70. Which of the following statements about tritium water ($T_2O$) is correct?
ⓐ. It is stable and non-radioactive.
ⓑ. It glows naturally and is highly radioactive.
ⓒ. It has the same density as ordinary water.
ⓓ. It contains no hydrogen atoms.
Correct Answer: It glows naturally and is highly radioactive.
Explanation: Tritium oxide ($T_2O$), or tritiated water, is radioactive because it contains tritium atoms that emit beta radiation. The decay of tritium inside water molecules can cause slight luminescence.

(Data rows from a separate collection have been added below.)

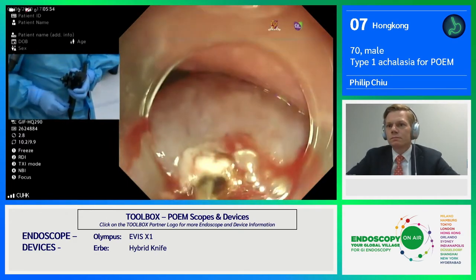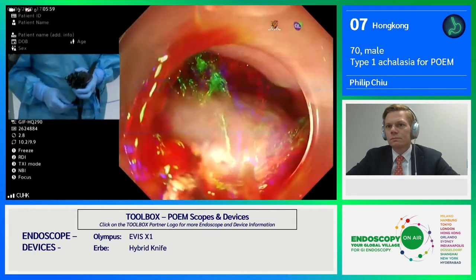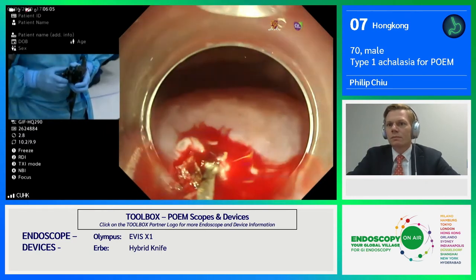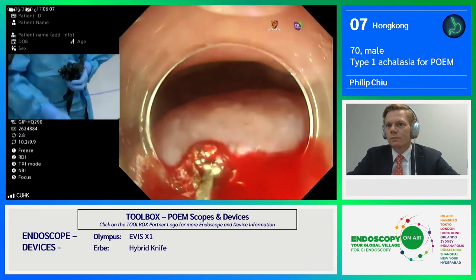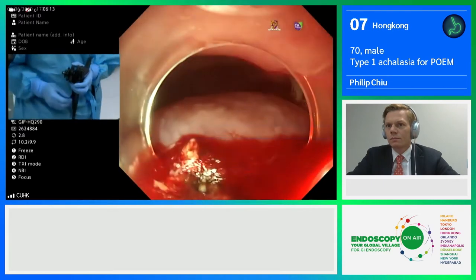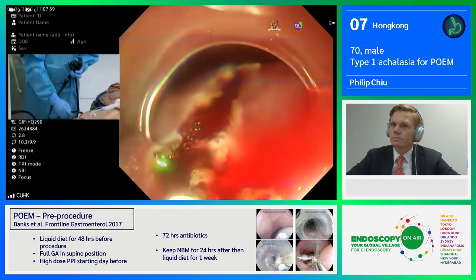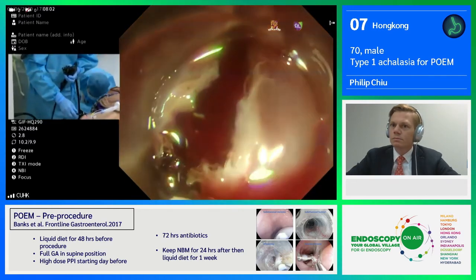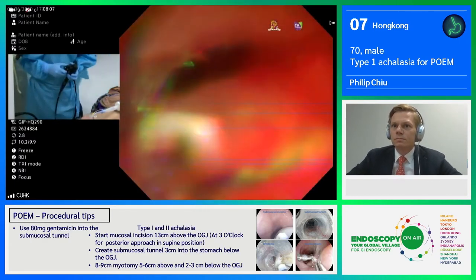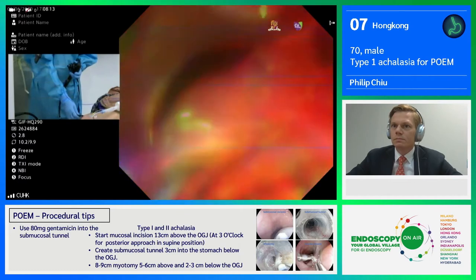We are now using the EndoCut I mode, and the effect is 1-3-3. This is more typical for the TT knife that I use. If I'm using the hybrid knife, I usually change to 3-2-4, along with spray coagulation. Now I develop the mucosal incision. In general, I would extend the mucosal incision a little bit more so that I can have a better circumference to enter into the submucosa.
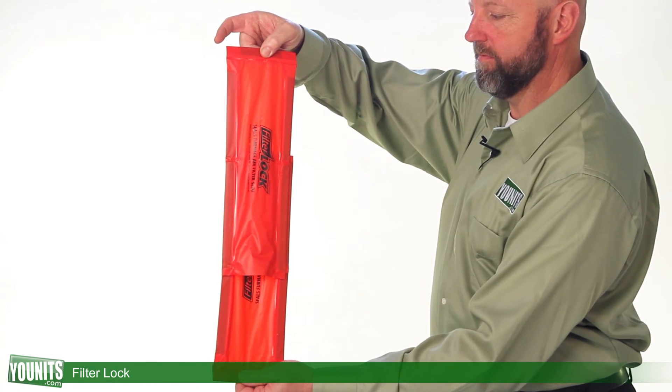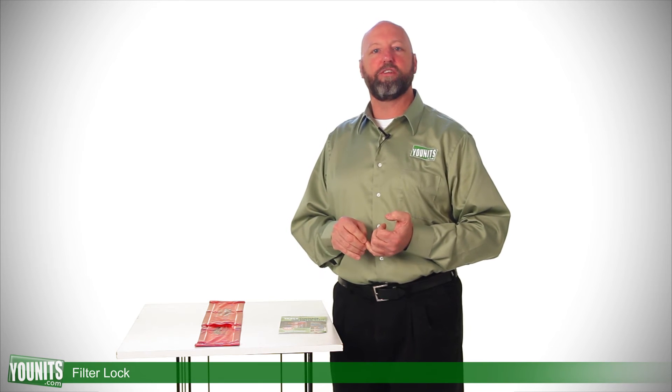This seals over the outside of the filter itself to prevent allergens and pollutants from entering and dirtying the filter prematurely, extending the life of your filters and the efficiency of them.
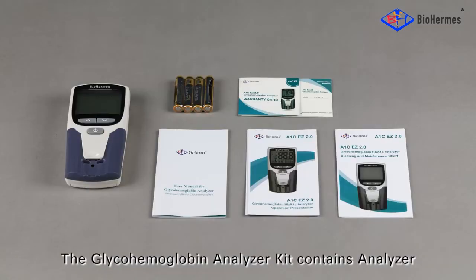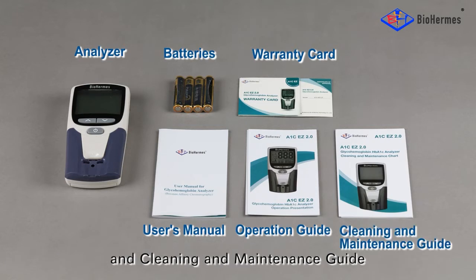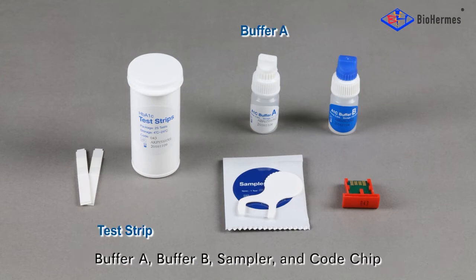The GlycoHemoglobin Analyzer Kit contains the analyzer, batteries, warranty card, user's manual, operation guide, and cleaning and maintenance guide. The GlycoHemoglobin Test Kit contains a test strip, buffer A, buffer B, a sampler, and a code chip.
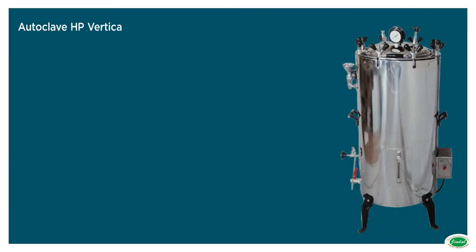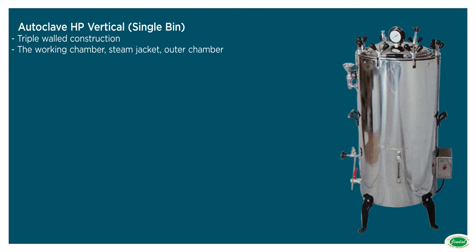Autoclave HP vertical, single bin. Should have a triple walled construction. The working chamber, steam jacket, outer chamber, and lid should be made of stainless steel.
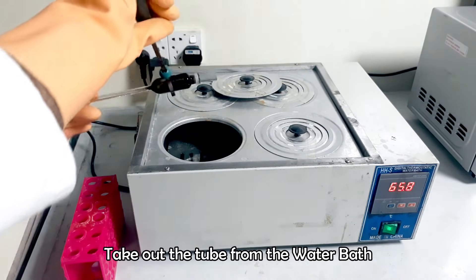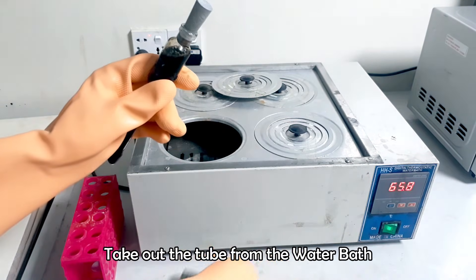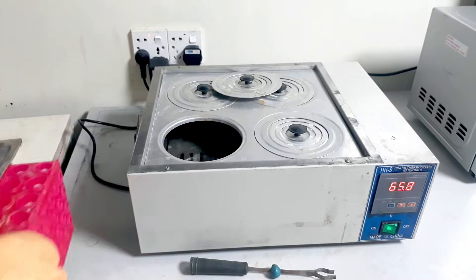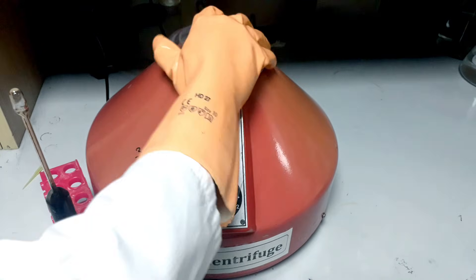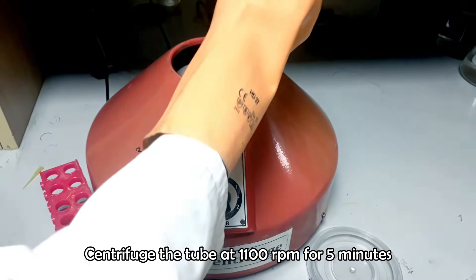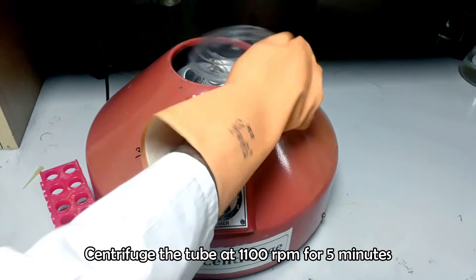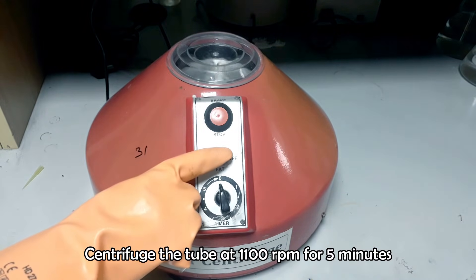After 5 minutes, take out the tube from the water bath and bring it for the centrifugation. Take care. Centrifuge the tube at 1100 rpm for 5 minutes.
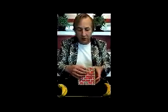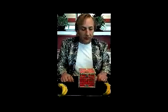Bananas silk sold separately. We've got great sponge bananas — you can get those here as well.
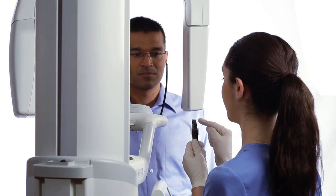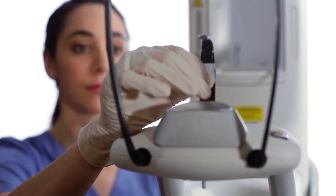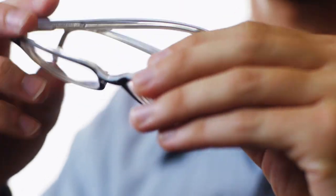Place a sanitary barrier on the bite piece. Explain to the patient that the anterior teeth will be placed within the grooves of the bite piece. Ask the patient to remove glasses and jewelry.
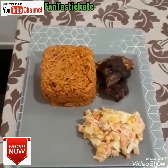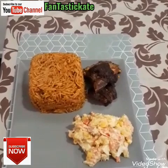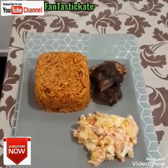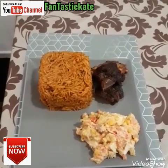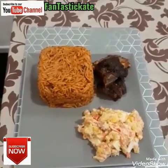Guys, if you want to see this type of recipe, subscribe to my YouTube channel and hit the notification bell so that anytime I upload any video you will be the first to be notified. Support me, like and share with your friends and family. Thank you very much guys, I appreciate you for the time you used to watch my video. Bye bye, ciao!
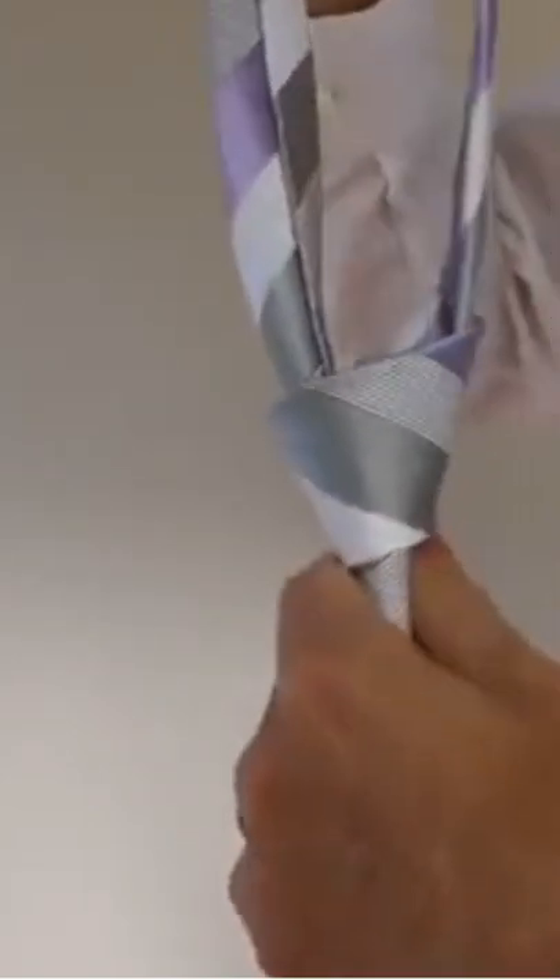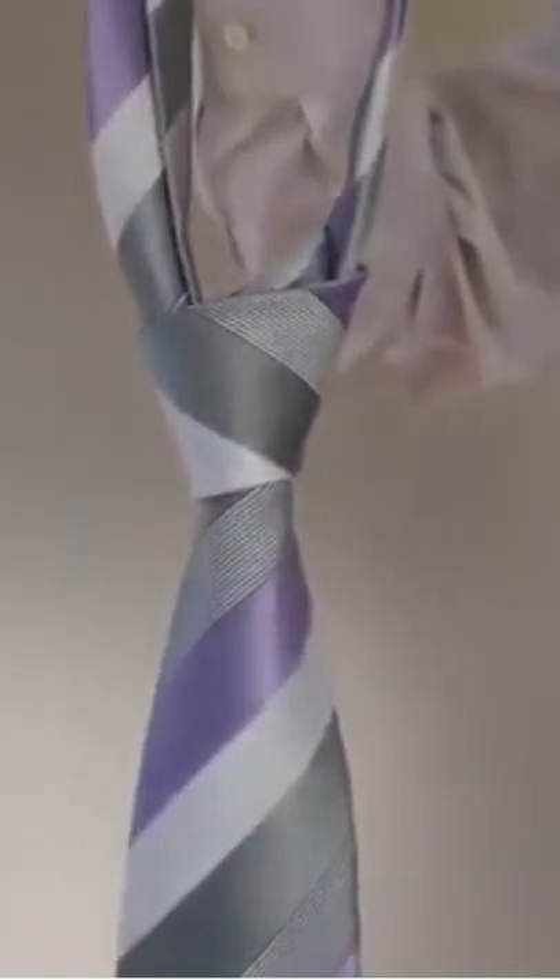As you're doing that, pull out the next layer from inside the circle and pull it up like this. And there you go. What you should end up with is a nice triangular knot.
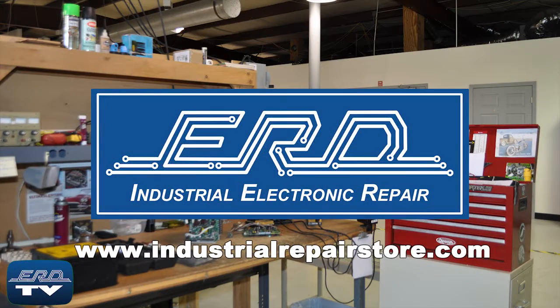At ERD we can repair your industrial electronic equipment, preventing a costly replacement and extended downtime.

It is used in scientific research as a tracer and in self-luminous devices like watch dials and emergency exit signs. However, it must be handled with care due to its internal radiation hazards.
71. Which of the following statements correctly describes the isotopes of hydrogen?
ⓐ. They have different atomic numbers and same mass numbers.
ⓑ. They have same atomic number but different mass numbers.
ⓒ. They have same number of neutrons.
ⓓ. They have different electronic configurations.
Correct Answer: They have same atomic number but different mass numbers.
Explanation: All isotopes of hydrogen (protium $^1H$, deuterium $^2H$, and tritium $^3H$) have one proton and one electron, giving them the same atomic number (1). However, they differ in the number of neutrons (0, 1, and 2 respectively), which causes their mass numbers to differ (1, 2, and 3). This difference in mass leads to slight variations in their physical properties while maintaining similar chemical behavior.
72. Which of the following hydrogen isotopes is radioactive?
ⓐ. Protium ($^1H$)
ⓑ. Deuterium ($^2H$)
ⓒ. Tritium ($^3H$)
ⓓ. All are radioactive
Correct Answer: Tritium ($^3H$)
Explanation: Tritium is the only radioactive isotope of hydrogen, containing one proton and two neutrons. Its unstable nucleus decays through beta emission, converting one neutron into a proton and forming helium-3. The half-life of tritium is about 12.3 years. In contrast, protium and deuterium are stable isotopes that do not undergo radioactive decay.
73. The chemical properties of hydrogen isotopes are similar because:
ⓐ. They have the same number of neutrons.
ⓑ. They have identical electronic configurations.
ⓒ. Their nuclei contain the same number of neutrons.
ⓓ. They have different atomic numbers.
Correct Answer: They have identical electronic configurations.
Explanation: The chemical behavior of an element depends on its electron configuration, not on its mass or number of neutrons. All three isotopes of hydrogen have one electron in the 1s orbital. Hence, they exhibit nearly identical chemical properties, though reaction rates may vary slightly due to mass differences (the isotope effect).
74. Which physical property of hydrogen isotopes is different?
ⓐ. Color and odor
ⓑ. Chemical reactivity
ⓒ. Valency
ⓓ. Density and boiling point
Correct Answer: Density and boiling point
Explanation: The physical properties such as density, boiling point, and melting point vary among hydrogen isotopes because these properties depend on atomic mass. For instance, heavy water ($D_2O$) has higher boiling and melting points than ordinary water ($H_2O$) due to stronger $D–O$ bonds. These differences are important in isotope separation and research applications.
75. Heavy water differs from ordinary water because:
ⓐ. It is more volatile.
ⓑ. It has a lower boiling point.
ⓒ. It is denser and has a higher boiling point.
ⓓ. It freezes at a lower temperature.
Correct Answer: It is denser and has a higher boiling point.
Explanation: Heavy water ($D_2O$) is denser (1.105 g/cm³) and has a higher boiling point (101.4°C) and melting point (3.8°C) than ordinary water ($H_2O$). This is due to the higher mass of deuterium compared to protium. These properties make heavy water useful as a moderator in nuclear reactors to slow down fast neutrons and sustain controlled fission reactions.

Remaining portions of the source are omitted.